Ein Kunstwerk kann bei entsprechender Offenheit in seiner Eigenlogik erkannt werden. Dies gilt ebenso für andere – authentische – Werke einer Lebenspraxis als Ausdrucksgestalten neuer Erfahrung.

Oevermann drückt das, bezogen auf Kunstwerke, folgendermaßen aus:

Autonomie des Kunstwerks heißt nun aber wesentlich auch, […] dass der künstlerische Text in Gestalt des Werkes als sinnliche Verkörperung einer sinnlichen Erkenntnis des Künstlers eine zwingende eigenlogische Wirkung für jeden entfaltet, der im Rezeptions-Akt seine Sinne genügend öffnet, sich also für die lebendige Erfahrung, die im Kunstwerk sich verkörpert, bereit macht. Insofern ist dem gültigen Kunstwerk die gültige Weise seiner Rezeption schon immer eingeschrieben und methodisch gesehen als eine Funktion der objektiven Bedeutungsstruktur des Werkes zu explizieren. Die empirisch-konkreten, je subjektiv spezifischen Rezeptionsweisen sind von diesem werkimmanent vorgegebenen, gleichwohl empirisch überprüfbaren Modell der angemessenen Rezeption jeweils mehr oder weniger stark abweichende Varianten (Oevermann 1996, S. vi-vii).
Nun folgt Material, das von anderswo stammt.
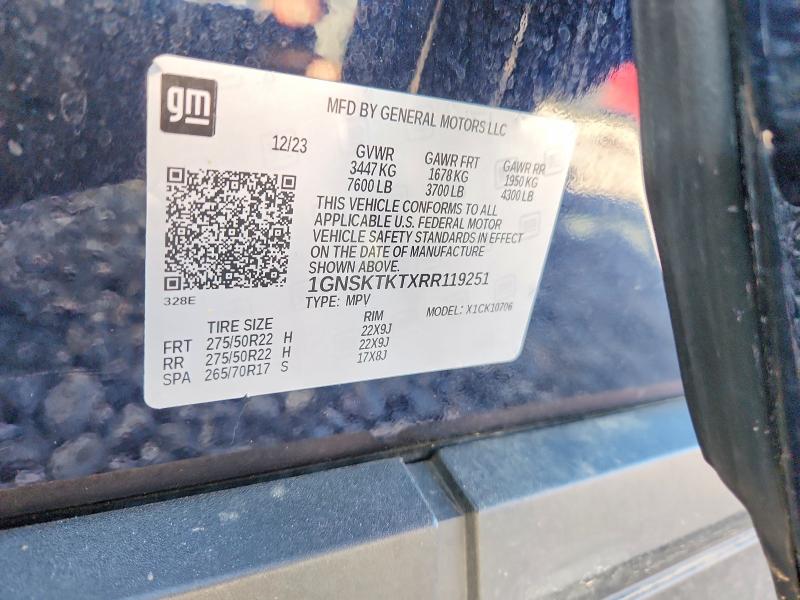 Aukcja sprzedaży 2024 Chevrolet Tahoe, vin: 1GNSKTKTXRR119251, numer aukcji: 68680996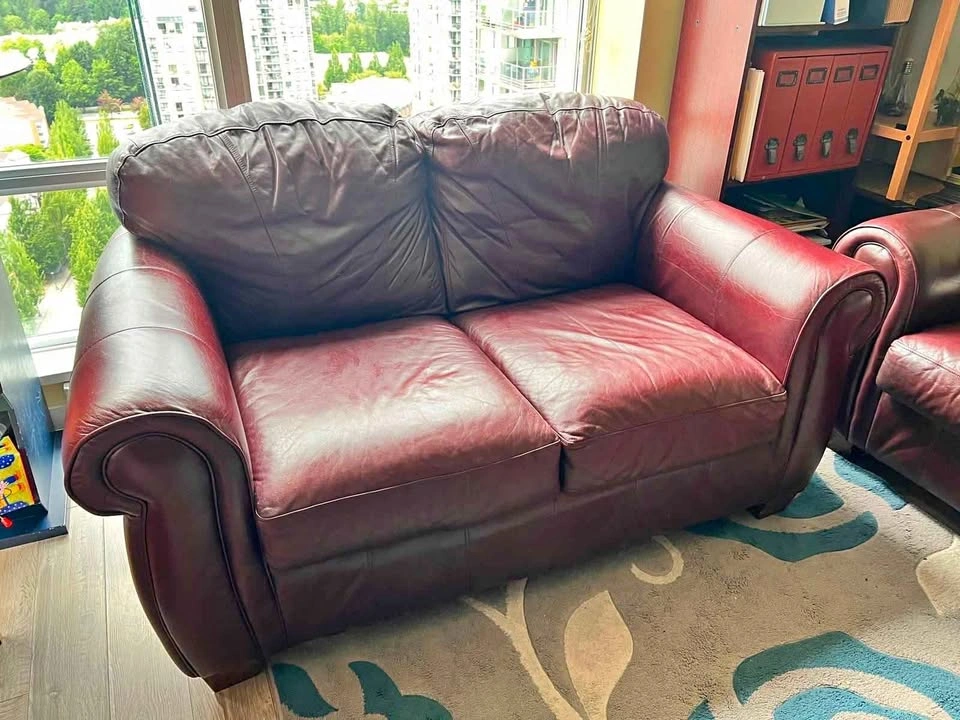 Burgundy Leather Loveseat- $100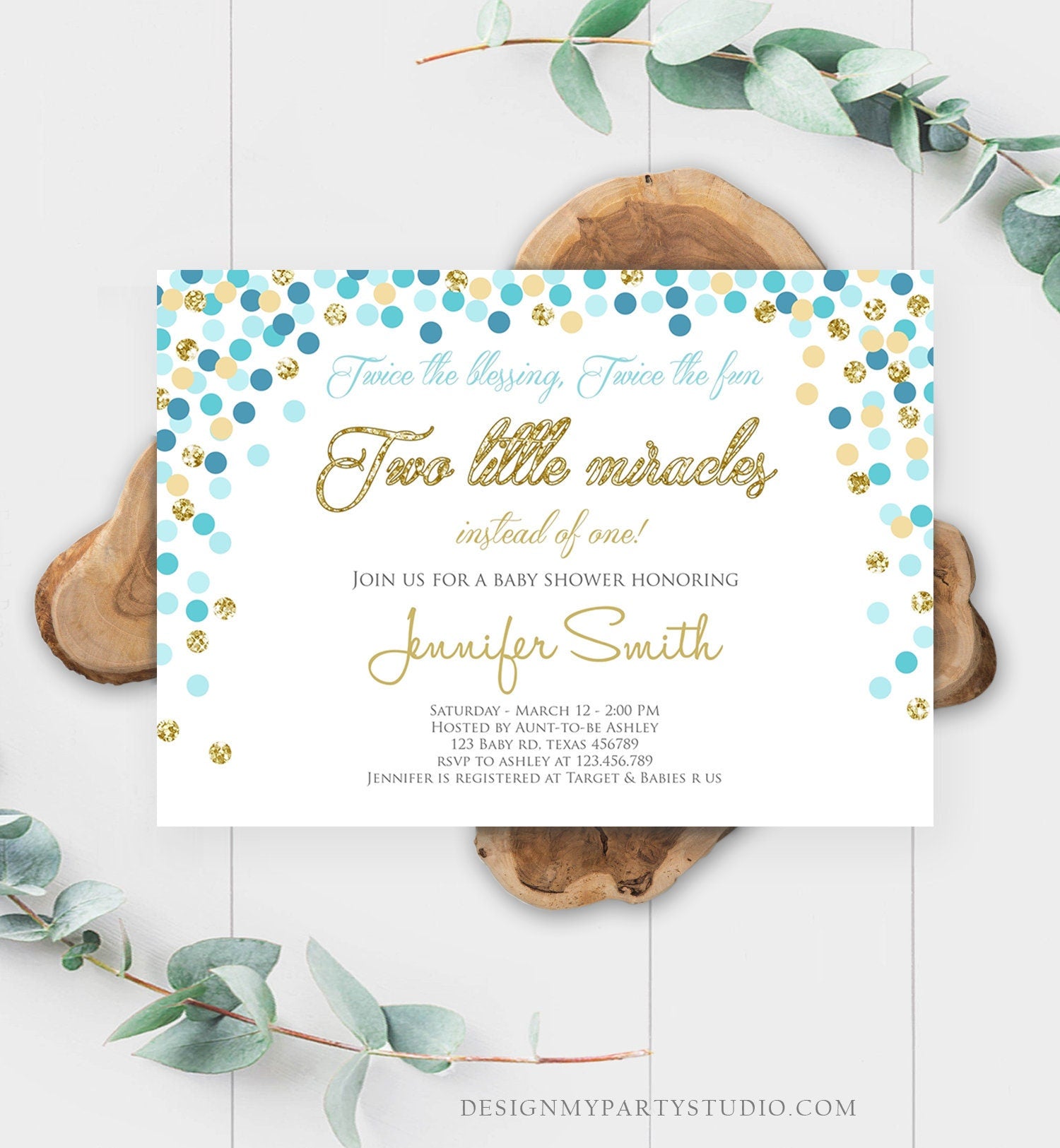 Editable Twin Baby Shower Invitation Boys Twin Boys Baby Blue and Gold Glitter Confetti Boy Baby Shower Invite Template Download Corjl 0133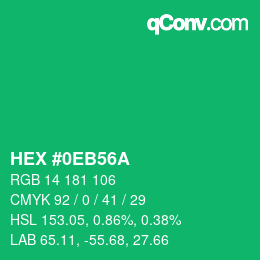 Código de color: HEX #0EB56A | qconv.com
Während bislang das Kunstwerk selbst im Vordergrund stand, rückt nun seine Rezeption ins Zentrum. Die „sinnliche Verkörperung sinnlicher Erkenntnis“ verhelfe dem Kunstwerk zu seiner „eigenlogischen Wirkung“. Dies ermögliche bzw. „erzwinge“ letztlich eine „werkimmanente Rezeption“, und davon lediglich „mehr oder weniger stark abweichende[n] Varianten“ dieser dem Werk „eingeschriebenen“ Rezeption.
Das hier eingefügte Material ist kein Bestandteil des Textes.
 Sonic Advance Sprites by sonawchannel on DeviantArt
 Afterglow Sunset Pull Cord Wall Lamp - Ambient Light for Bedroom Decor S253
Aus diesen Ausführungen kann man zwei weitreichende und vielleicht auch provokant klingende Aussagen herausarbeiten. Zum einen wird auf die eigenlogische Wirkung, man könnte auch vereinfacht Botschaft sagen, hingewiesen, und zum anderen darauf, dass diese als solche rezipierbar sei, was (ein wenig) relativiert wird durch den Hinweis auf „Varianten“, die bedingt seien durch je „subjektive Rezeptionsweisen“.

In Analogie zur Autonomie des Kunstwerks, die sich in Form einer eigenlogischen Wirkung auch auf die Werkrezeption erstreckt, bedeutet das für die Rezeption von Manifestationen von (autonomer) Bildung (siehe die Unterscheidung zu Lernen in Kapitel 1.11.1.1), dass auch diese in ihrer eigenlogischen Wirkung zu verstehen sind.